# Sausage casings



## scott edwards (Oct 2, 2012)

I've never made sausages before, so I have a question. How many pounds of meat will it take to fill around 23 casings.  I have some Hi Mountain Seasonings hog casings, serving size on the package says one link about 2g.  I'm planning on using ground pork, when I get around to doing this.  I haven't decided if I'm going to do jalapeno/cheddar, or hot links, or when I'm going to actually get around to doing it.  I think my next couple weekends are already booked.


----------



## mike johnson (Oct 2, 2012)

Something seems off here. If each casing only holds 2 grams. than 23 casings would be 46 grams=1.64oz. total.

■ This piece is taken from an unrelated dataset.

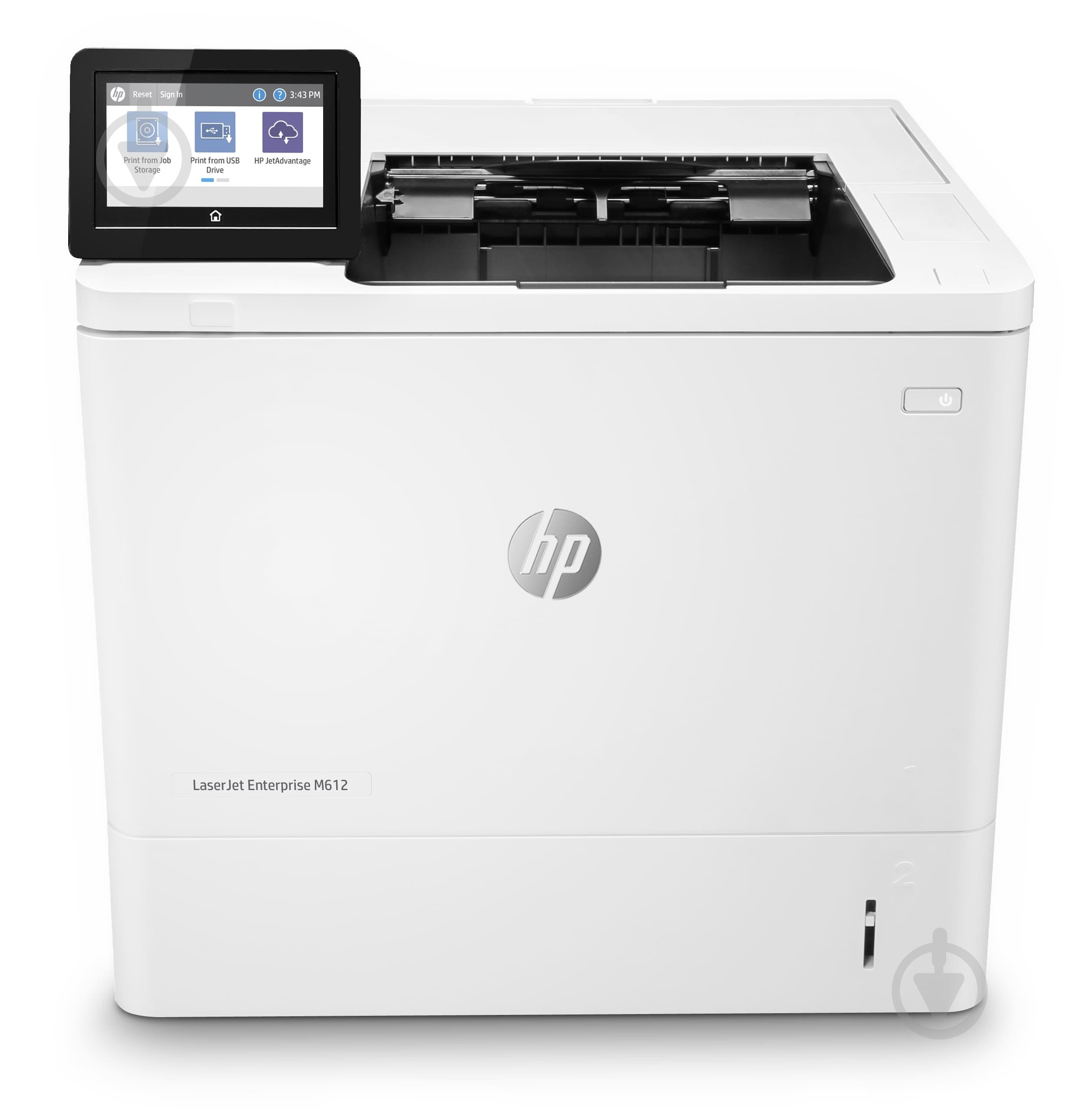 Принтер HP LaserJet Enterprise M612dn А4 (7PS86A) - фото 1 Принтер HP LaserJet Enterprise M612dn А4 (7PS86A) - фото 1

Am I missing something


----------



## scott edwards (Oct 2, 2012)

I just looked at the package, again, and the size on the back is different than on the front.  I should have realized that the "8 oz" on the front of the package is probably the serving size.  I just weighed the package, and it is only about 4 oz, so I think I just answered my own question.


----------



## LanceR (Oct 2, 2012)

I don't know if this is what you are looking for but here's the link to a local casing seller.

makincasing.com

If you click on the "BUY CASING" link you can check each size and type of casing where they'll tell you how much meat will be needed to fill each 100 yards of casing.  Hopefully, you can figure it out from there.

Lance


----------



## boykjo (Oct 2, 2012)

Post a web link what you have so we can figure out what your working with


----------



## scott edwards (Oct 2, 2012)

I got it figured out.  The labeling on the package doesn't match up front to back, but I figured out the casings are for 8 oz links.  Here's the link to the website, but from what I've seen, it doesn't have much information.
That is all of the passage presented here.